Israeli Foreign Minister Silvan Shalom left on Saturday for the United States
where he and Secretary of State Colin Powell will discuss the "new
situation in the region," Israeli officials said.
Arafat's death on Thursday left power in the hands of veteran deputies
without his popular credibility. They want to hold elections within the 60 days
set by law to prevent a breakdown in order and revive peace moves with Israel.
The flux in the Palestinian leadership together with US President Bush's
re-election have bolstered peace hopes just as Israel has taken its first steps
to pull Jewish settlers out of Gaza, home to 1.3 million Palestinians.
During his first term in office Bush sidelined Arafat and came under
criticism across the globe for not pushing Israelis and Palestinians toward
peace.
Powell said on Saturday he hoped to meet Palestinian leaders "in the very
near future" as part of a fresh push for peace and a U.S. official said that
could be at a Nov. 22-23 conference in Egypt or at some other time in the
Palestinian territories.
Nominations
Speaking at the half-demolished Muqata compound where Arafat spent his final
years confined by Israel and where he was buried on Friday, Fattouh said the
period for nominating candidates would begin on November 20 and run for 12 days.

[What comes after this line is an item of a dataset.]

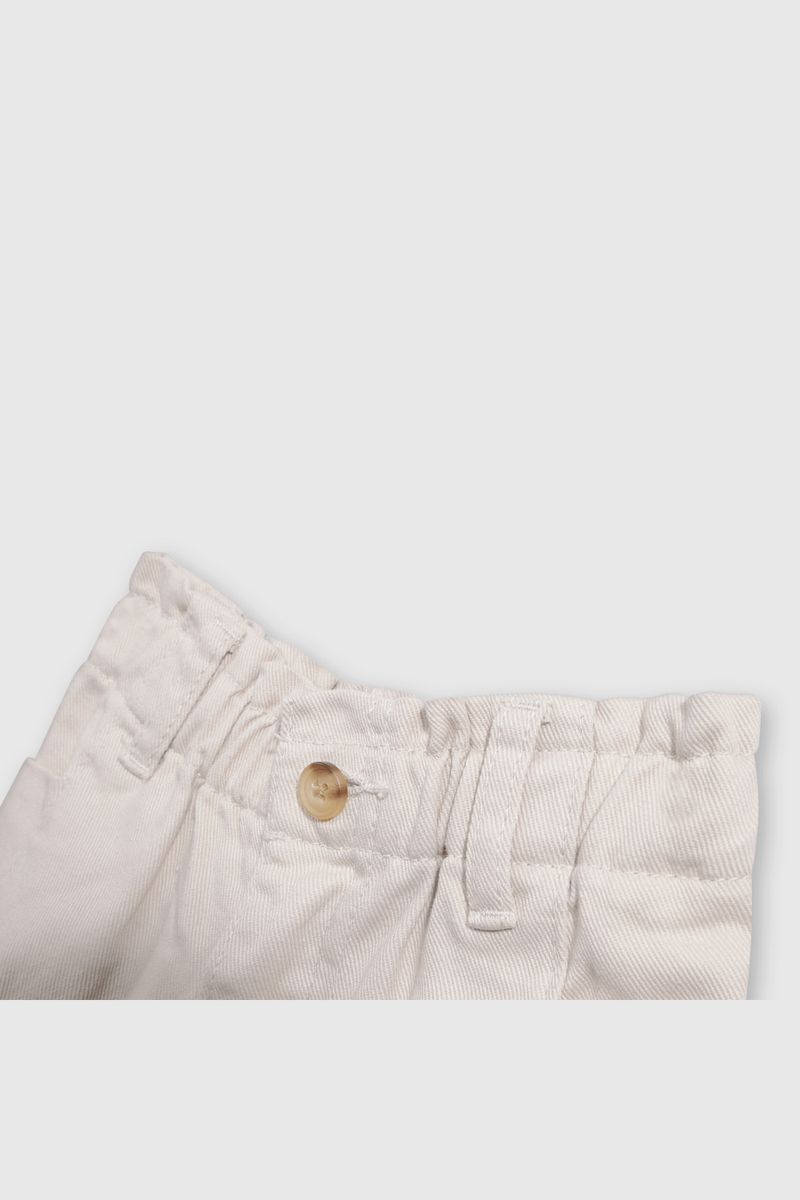 4ccc39b1-c321-4a20-a095-e6837d827456-ptgb0677v25-3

But senior Palestinian minister Saeb Erekat said: "If the Israelis continue
to obstruct voting in East Jerusalem or keep their army inside our areas (of
self-rule enshrined by 1990s interim peace deals), I don't think we can hold
elections."
Powell said on Saturday Washington wanted Israel to allow Palestinians in
occupied areas to move freely to enable a smooth vote for Arafat's successor.
"So much of this will depend on President Bush getting the Israeli government
to comply on creating conditions for elections," Erekat told Reuters.
Palestinians claim East Jerusalem as the capital of a state they want on land
Israel took in the 1967 Middle East war. Israel shut Palestinian voter
registration offices there in September, as it deems all of Jerusalem its
indivisible capital.
But political sources close to Israeli Prime Minister Ariel Sharon said
on Sunday he would likely relent on Palestinian voting in East Jerusalem if
pressed by Washington. Palestinians there voted in presidential and legislative
elections in 1996.
DOUBTS There are doubts whether any in the old Palestinian guard could win a
majority among a severely factionalized electorate.
Arafat's moderate successor as Palestine Liberation Organization chief,
Mahmoud Abbas, 69, is the early frontrunner for the nomination of the mainstream
Fatah national movement.
But only one man in Fatah, 45-year-old charismatic firebrand Marwan
Barghouthi, boasts broad appeal and he is serving a life prison term in Israel
for orchestrating suicide bombings, a charge he denies.
His lawyer said Barghouthi might run from his cell, though some questioned
whether he would challenge Abbas. There would also be resistance from Israel to
his candidacy.
Sharon brushed aside speculation Barghouthi might be
pardoned. "Contrary to what I hear in the media on the matter, we never release
terrorists who committed murder inside Israel," he told his cabinet on Sunday.